Vaccinated people who have recovered from the virus will not require a booster dose at this point.

Ong said international data had shown that two doses of vaccine gave weaker protection against Omicron than the Delta variant. Boosters, he said, would restore protection against infection and serious illnesses from the Omicron variant, which is thought to be more transmissible but less severe.

A view of the Marina Bay Sands hotel in Singapore. Photo: AFP

“I urge all eligible individuals to take your boosters promptly,” he said.

While the virus situation remains stable, the number of Omicron cases in Singapore has crept up in recent weeks, now making up about 18 per cent of cases. Over the past week, there were 1,281 confirmed cases linked to the Omicron variant, of which 1,048 were imported.
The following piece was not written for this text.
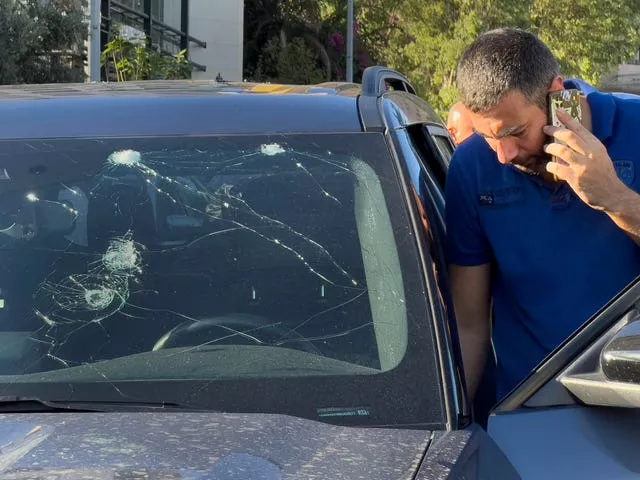 A police officer inspects a car in which a hand-held pager exploded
Finance Minister Lawrence Wong, who co-heads a government virus task force, said there would be no relaxation of Covid-19 measures. He reiterated that rules could be tightened if the health care system were overwhelmed.

Asked if Singapore had plans to tighten its border measures as most Omicron cases were imported, Wong said the focus had shifted beyond the borders given that there was already community transmission of the new variant.

Ong added that imposing harsher rules and shutting its travel lanes could affect Singapore’s reputation and might not improve the situation. “Because today is Country A, tomorrow is Country B in Europe and then the US … and before you know it, if you take that approach, you are back to closing down your borders,” he said. “And what [would have] happened is that we have gone back two years.”